À mesure que le changement climatique redessine les équilibres environnementaux en Israël, le virus du Nil occidental s’impose comme un problème de santé publique durable. Les systèmes étatiques ne se sont pas adaptés suffisamment rapidement au rythme changeant du climat israélien. La majeure partie de l’activité du ministère de la Protection de l’environnement intervient après que des moustiques infectés ou des patients ont déjà été identifiés. Pour endiguer le phénomène, un investissement beaucoup plus important dans une lutte préventive systématique et annuelle contre les nuisibles est nécessaire.

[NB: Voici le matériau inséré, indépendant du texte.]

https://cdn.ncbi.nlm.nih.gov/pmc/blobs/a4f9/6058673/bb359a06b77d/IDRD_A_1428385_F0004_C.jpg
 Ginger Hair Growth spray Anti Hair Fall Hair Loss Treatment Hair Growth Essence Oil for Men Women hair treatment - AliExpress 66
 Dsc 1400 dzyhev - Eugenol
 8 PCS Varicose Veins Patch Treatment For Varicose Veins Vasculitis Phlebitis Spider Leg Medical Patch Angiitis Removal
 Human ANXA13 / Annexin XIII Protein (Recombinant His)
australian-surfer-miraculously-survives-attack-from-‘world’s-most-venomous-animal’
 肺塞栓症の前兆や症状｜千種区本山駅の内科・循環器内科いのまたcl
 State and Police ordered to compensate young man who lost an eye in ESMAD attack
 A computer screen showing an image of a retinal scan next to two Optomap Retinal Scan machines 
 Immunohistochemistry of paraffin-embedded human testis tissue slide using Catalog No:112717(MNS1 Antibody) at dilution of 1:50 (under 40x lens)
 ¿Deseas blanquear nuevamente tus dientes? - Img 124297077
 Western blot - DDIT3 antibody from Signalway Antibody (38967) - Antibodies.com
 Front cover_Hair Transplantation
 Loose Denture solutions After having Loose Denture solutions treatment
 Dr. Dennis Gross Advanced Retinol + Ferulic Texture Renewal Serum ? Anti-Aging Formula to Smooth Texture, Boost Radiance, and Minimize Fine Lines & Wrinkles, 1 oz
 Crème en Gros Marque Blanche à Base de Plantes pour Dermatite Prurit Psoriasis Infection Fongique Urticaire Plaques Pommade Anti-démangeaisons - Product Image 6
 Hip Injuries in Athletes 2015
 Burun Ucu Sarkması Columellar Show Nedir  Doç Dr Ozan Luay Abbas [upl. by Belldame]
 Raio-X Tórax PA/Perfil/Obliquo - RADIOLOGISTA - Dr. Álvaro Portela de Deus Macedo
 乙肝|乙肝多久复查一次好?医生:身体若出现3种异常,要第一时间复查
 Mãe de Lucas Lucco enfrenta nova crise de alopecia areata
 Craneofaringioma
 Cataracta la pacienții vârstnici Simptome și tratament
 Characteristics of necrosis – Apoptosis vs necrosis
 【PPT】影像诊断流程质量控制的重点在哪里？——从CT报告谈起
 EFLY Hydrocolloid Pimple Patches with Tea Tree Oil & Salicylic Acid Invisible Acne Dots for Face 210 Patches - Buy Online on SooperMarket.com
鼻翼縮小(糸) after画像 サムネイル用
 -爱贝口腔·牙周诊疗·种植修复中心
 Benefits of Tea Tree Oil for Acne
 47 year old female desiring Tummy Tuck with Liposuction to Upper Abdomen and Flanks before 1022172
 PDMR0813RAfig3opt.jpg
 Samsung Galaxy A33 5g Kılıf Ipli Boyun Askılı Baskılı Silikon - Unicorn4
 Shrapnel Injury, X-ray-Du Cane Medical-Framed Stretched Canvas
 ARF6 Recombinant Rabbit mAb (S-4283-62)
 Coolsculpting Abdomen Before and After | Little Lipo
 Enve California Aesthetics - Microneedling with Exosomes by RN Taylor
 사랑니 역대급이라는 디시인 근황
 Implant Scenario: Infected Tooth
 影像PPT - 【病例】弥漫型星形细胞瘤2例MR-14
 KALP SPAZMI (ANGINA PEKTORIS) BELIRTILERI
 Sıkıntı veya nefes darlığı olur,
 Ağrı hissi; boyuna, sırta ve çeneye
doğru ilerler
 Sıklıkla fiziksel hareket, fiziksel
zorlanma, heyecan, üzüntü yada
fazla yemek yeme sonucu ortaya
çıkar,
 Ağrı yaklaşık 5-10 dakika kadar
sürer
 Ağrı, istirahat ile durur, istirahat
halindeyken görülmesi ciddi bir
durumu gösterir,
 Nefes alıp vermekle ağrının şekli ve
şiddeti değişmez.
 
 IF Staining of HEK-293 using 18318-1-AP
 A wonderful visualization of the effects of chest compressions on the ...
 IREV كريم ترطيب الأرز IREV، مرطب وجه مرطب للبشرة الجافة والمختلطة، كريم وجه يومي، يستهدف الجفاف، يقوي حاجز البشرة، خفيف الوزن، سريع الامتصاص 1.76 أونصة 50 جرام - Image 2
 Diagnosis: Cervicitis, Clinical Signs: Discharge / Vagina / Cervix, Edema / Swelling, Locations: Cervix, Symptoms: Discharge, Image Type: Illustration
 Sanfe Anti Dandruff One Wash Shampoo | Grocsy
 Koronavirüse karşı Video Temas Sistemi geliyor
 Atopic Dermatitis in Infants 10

Le virus se transmet des oiseaux aux mammifères par les moustiques ©samir smier - pexels-

Biographie

Le Professeur Jihad Bishara, est un médecin clinicien et chercheur en médecine interne et maladies infectieuses. Professeur titulaire à la Faculté de médecine de l’Université de Tel-Aviv, il dirige l’Unité des maladies infectieuses au Rabin Medical Center – Beilinson Hospital à Petah Tikva, Israël.  En tant que spécialiste des maladies infectieuses, il est également mentionné dans des communications à la presse concernant son rôle dans la prise en charge clinique de grands défis sanitaires, notamment lors de crises épidémiques en Israël.

Il est l'auteur de 185 publications et co-auteur de nombreux articles scientifiques évalués par des pairs. Il a également présenté ses travaux lors de nombreuses conférences nationales et internationales. Ses contributions ont été saluées par d'éminents experts du monde entier.